Add total occurrence count to literature index

gbif / content-crawler

Crawls CMS and articles from Mendeley into ElasticSearch indexes

Apache License 2.0

1 stars 1 forks source link

Add total occurrence count to literature index #59

Open MortenHofft opened 4 months ago

MortenHofft commented 4 months ago

Suggestion: Add the sum of occurrences in the various downloads associated with this paper to the index. This could be a useful indicator of relevance.

Reason: E.g. this paper Gentiana kurroo Royle (Gentianaceae), a highly medicinal, critically endangered and endemic species of the Western Himalayas with restricted distribution in India and Pakistan. that has downloaded 2.6 billion records.

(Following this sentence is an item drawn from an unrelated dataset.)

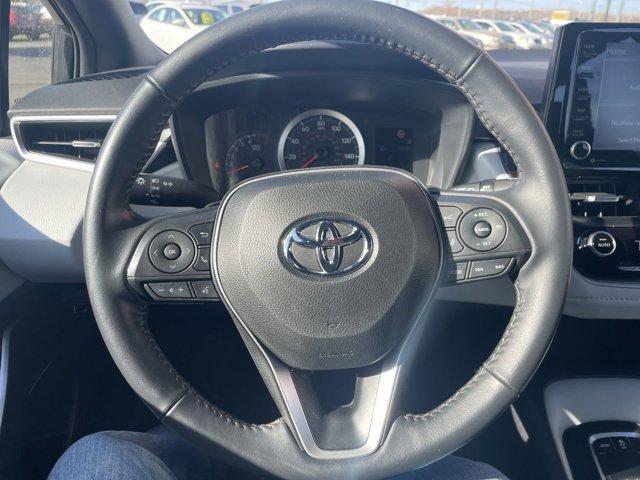 used 2022 Toyota Corolla car, priced at $22,995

The paper seemingly deal with a fairly narrow subject but haven't added any filters aside from a presence only

dnoesgaard commented 4 months ago

I'm not sure I follow the logic.

You would like literature index entries to have a field that is the sum of number of occurrences in all downloads cited?

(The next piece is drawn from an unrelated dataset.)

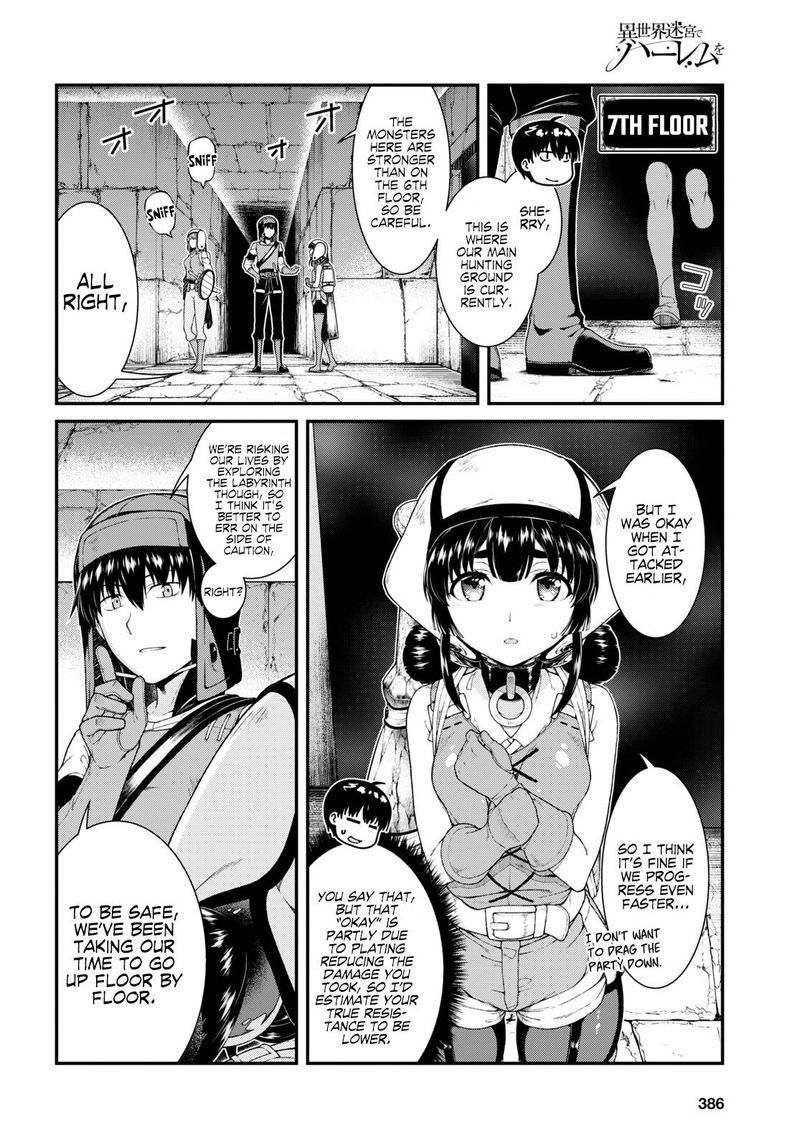 Isekai Meikyuu De Harem O 46 8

So for the paper mentioned, this would be 2.6 B — but as you also point, it's clear that they didn't actually use that many records?

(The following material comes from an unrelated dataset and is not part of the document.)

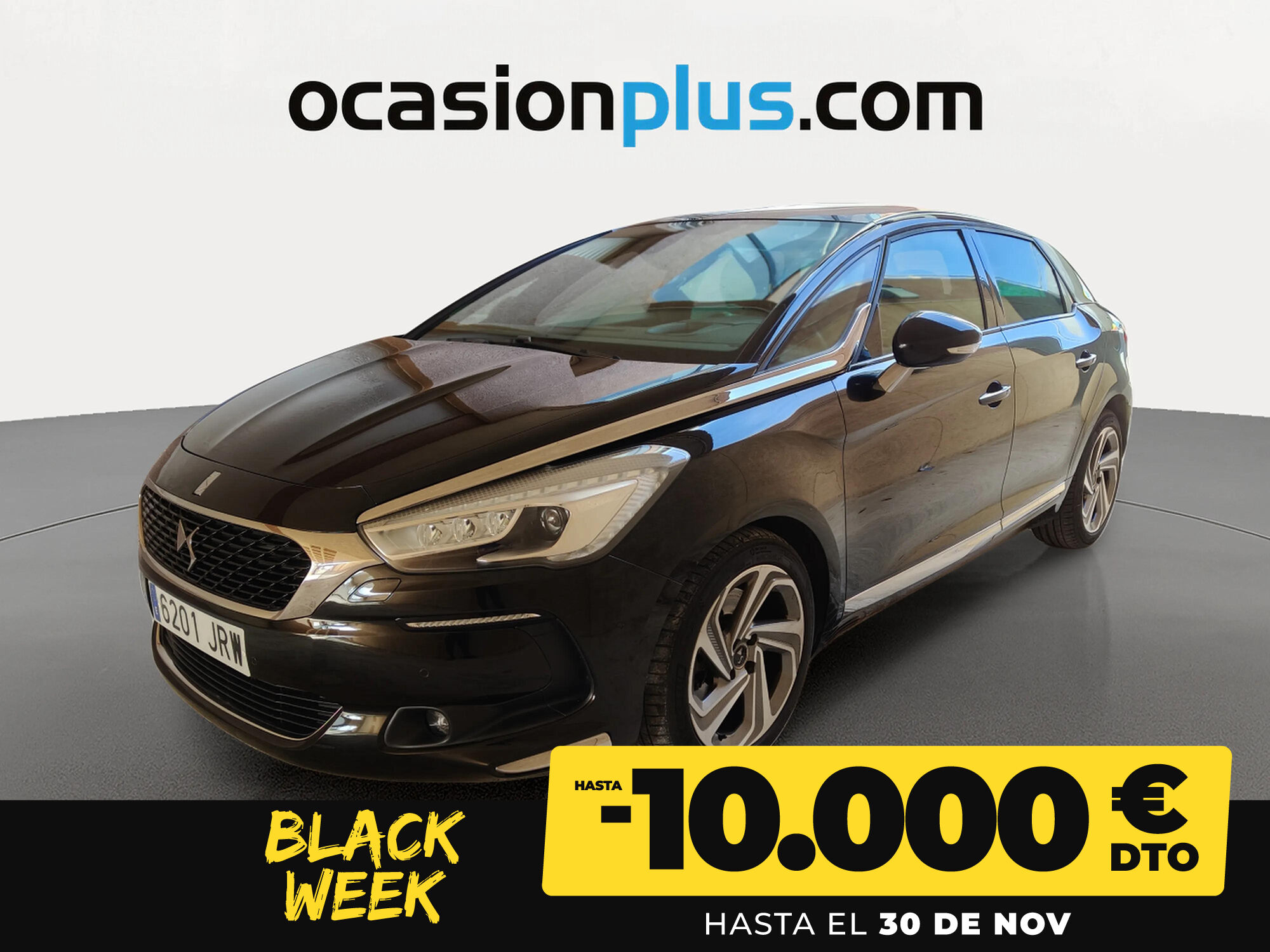 DS DS5 (BlueHdi 180 Sport EAT6 133 kW (181 CV)) en Madrid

MortenHofft commented 4 months ago

Yes. Making it a far less intersting paper to look at for publishers that want to know how their data is used. It could perhaps provide an easier way to look at a title and the occurrence count and evaluate "is this paper really using my data in any interesting way"

The idea is that it would be a very simply thing to add, that would help in evaluating relevance for me as a data publisher

It is related to this user question btw: https://github.com/gbif/content-crawler/issues/58

dnoesgaard commented 4 months ago

But how would showing 2.6 B help in making this distinction when the the actual number of used records is clearly much lower?

MortenHofft commented 4 months ago

I'm making this up but:

It is just an indicator that it probably isn't at all relevant for my collection. Just a lower probability. And even if they did use all 2.6 billion, then my data is less essential. I'm interested in those papers that couldn't have been written without my data. I care most about the small downloads.